When I was in my late teens, I saw attending Mass as just about the most boring thing on earth. If somebody had told me that the Eucharist is a foretaste of what heaven will be like, I might have replied, "If that's the case, I'll check out the other place."
To me, Mass seemed to be a boring ritual, endlessly replayed, complete with songs that were a pale imitation of the music I listened to on the radio.
In the years since then, there have been times when I've attended liturgies and it's seemed like my heart was being lifted to the edge of heaven. There have been times at Mass, say during a weekend retreat or an especially uplifting Divine Liturgy, when it's seemed that you could almost touch God -- the emotional power of the celebration was that strong.
The biggest difference between these two types of experience is my own faith. God has given me a faith that I sorely lacked as a teenager.
However, there's a problem with looking at the Mass too much in the light of feeling and experiences. If I conclude that the Mass is a foretaste of heaven only when it stirs my emotions (and that it's not a foretaste when the music is not so great or I'm feeling flat) then I've missed the point. The Mass is always a foretaste of heaven and this is not dependent on how I feel.

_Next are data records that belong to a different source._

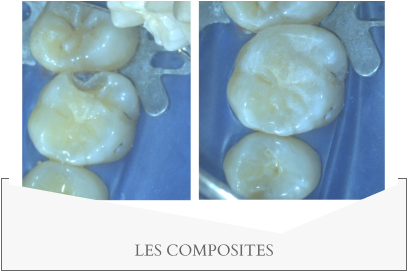 LES COMPOSITES
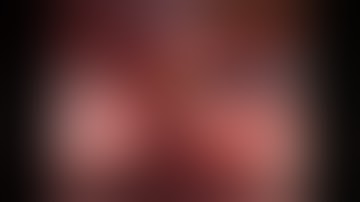 Robotic Excision of Intralobar Pulmonary Sequestration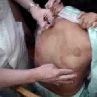 挑刺療法 挑刺療法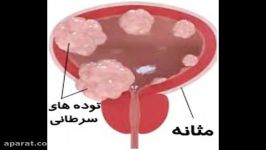 درمان تومور مثانه تنها مصرف 1دوره داروی طب اسلامی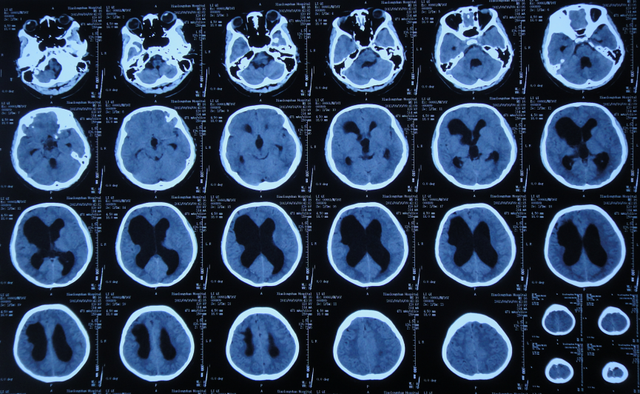 腦積水15年後發作頭脹嘔吐但外院腦室腹腔分流術後仍腦積水且腦室穿刺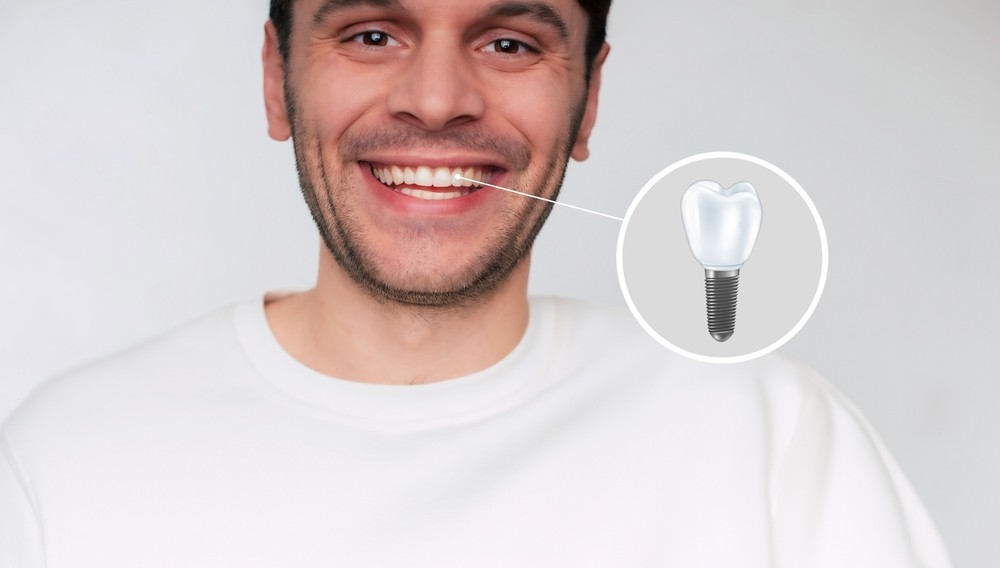 implant dentar București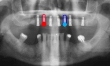 Linkoping Researchers Study Drug Coating for Dental Implants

The Mass gives us a taste of eternal life precisely because it re-presents Christ's sacrifice on Calvary, the sacrifice which opens the doors to heaven. It is that sacrifice which makes it possible for us to live life on a supernatural plane. It is Christ's death and resurrection which makes it possible for us to be more than rational animals. It is the paschal mystery which enables us to have the Holy Spirit dwell within us and for us to be adopted sons and daughters of God.
The Eucharist is the fulfilment of Christ's promise that "Those who eat my flesh and drink my blood have eternal life and I will raise them up on the last day" (John 6:54).
But how can this be if I don't feel like I'm in heaven?
Well, feelings and the testimony of the senses are important. Mozart's Masses and John Michael Talbot's simple guitar arrangements can tell us, in quite different ways, something about God's love for us and about eternal life. The church's use of smells and bells in the liturgy are a statement that it approves the use of material devices to point us toward truths that transcend anything we can see, touch and hear.
The important thing, however, is not the messenger, but the message. The smells and bells and the feelings they arouse can turn our attention toward God. But if we see them as an end in themselves, they have turned us away from God and back onto ourselves. We end up with a pious form of idolatry.
St. Teresa of Avila was wary of what she called "spiritual sweetness." This sweetness, she said, "does not enlarge the heart; as a rule, it seems to oppress it somewhat." She noted that the sweetness we may sometimes experience in prayer is no different in origin than the satisfaction we may derive from sealing a business deal or coming into a large inheritance.
Love is what really counts, said Teresa. "Love consists, not in the extent of our happiness, but in the firmness of our determination to try to please God in everything."
Love for our family and friends is often just a matter of being there for important and not-so-important occasions. Our showing up and being in a good disposition is pleasing to our loved ones. Love for God can likewise often be reduced to "showing up" -- praying daily whether or not it's fun and taking part in the Mass with "full, conscious and active participation."
God showed up for us. When humanity fell into sin, God could have left us out to dry. Instead, he fully, consciously and actively participated in the fate of humanity. He participated to the point of death. And beyond. His paschal mystery continues to be made present for us at every Eucharist. God loves us, so he shows up.
We have it on the authority of John 6:54 that if we show up when Jesus shows up, we will have eternal life. The Eucharist is our first taste of this life. We don't know very much about eternal life except that love will be overflowing and all the vestiges of sin and division will be washed away. We also know that emotions are transitory and that they are not the key to eternal life.
The key is love. The Eucharist is the most complete sign of God's love. When we participate in the Eucharist as best we are able, we taste that love. We know something of the life that will last forever.